(Dataset excerpts)
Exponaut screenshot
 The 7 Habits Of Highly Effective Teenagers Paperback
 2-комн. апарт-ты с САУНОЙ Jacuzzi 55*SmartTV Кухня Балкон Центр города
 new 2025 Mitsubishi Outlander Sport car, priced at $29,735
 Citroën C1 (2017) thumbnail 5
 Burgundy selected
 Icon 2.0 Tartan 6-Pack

EXERCISE OBJECTIVE
Would you set down all the lines above, exactly and in full?

RESPONSE AREA
Exponaut screenshot
 The 7 Habits Of Highly Effective Teenagers Paperback
 2-комн. апарт-ты с САУНОЙ Jacuzzi 55*SmartTV Кухня Балкон Центр города
 new 2025 Mitsubishi Outlander Sport car, priced at $29,735
 Citroën C1 (2017) thumbnail 5
 Burgundy selected
 Icon 2.0 Tartan 6-Pack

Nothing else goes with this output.